From: Oleg Nesterov <oleg-H+wXaHxf7aLQT0dZR+AlfA@public.gmane.org>
To: anjana vk <anjanvk12-Re5JQEeQqe8AvxtiuMwx3w@public.gmane.org>
Cc: tj-DgEjT+Ai2ygdnm+yROfE0A@public.gmane.org,
cgroups-u79uwXL29TY76Z2rM5mHXA@public.gmane.org
Subject: Re: cgroup attach task - slogging cpu
Date: Fri, 4 Oct 2013 15:02:07 +0200 [thread overview]
Message-ID: <20131004130207.GA9338@redhat.com> (raw)

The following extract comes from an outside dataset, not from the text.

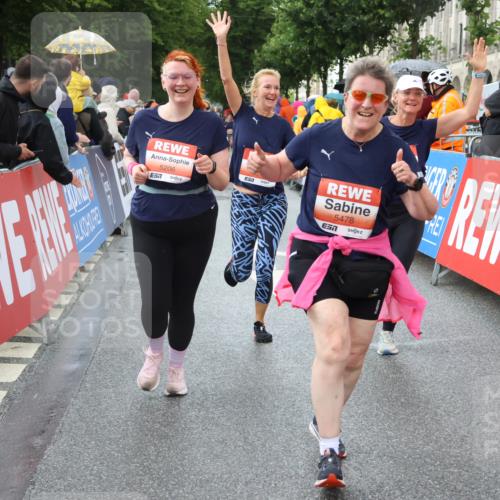 14.06.2026 - REWE Women's Run Strokosch-Dieckow http://msf.ph/oto/9774252 14.06.2026 11:08:17 Ziel 5016, 5018, 5019, 5201, 5206, 5478 meine-sportfotos.de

In-Reply-To: <CALPf4Tz+Gf_Q7wKKBufCc1mtV1qVPVrOW0S1qhHxfOv6pJa2Kg-JsoAwUIsXosN+BqQ9rBEUg@public.gmane.org>
Hello Anjana,
On 10/04, anjana vk wrote:
>
> I saw an issue of CPU slogging posted in
> https://lkml.org/lkml/2013/8/28/283, and require your valuable
> suggestion on a very similar issue I am facing.
Not sure I understand, but just in case: yes the lockless
while_each_thread() is buggy and should be fixed (it should actually
die eventually). And a lot of current users of while_each_thread()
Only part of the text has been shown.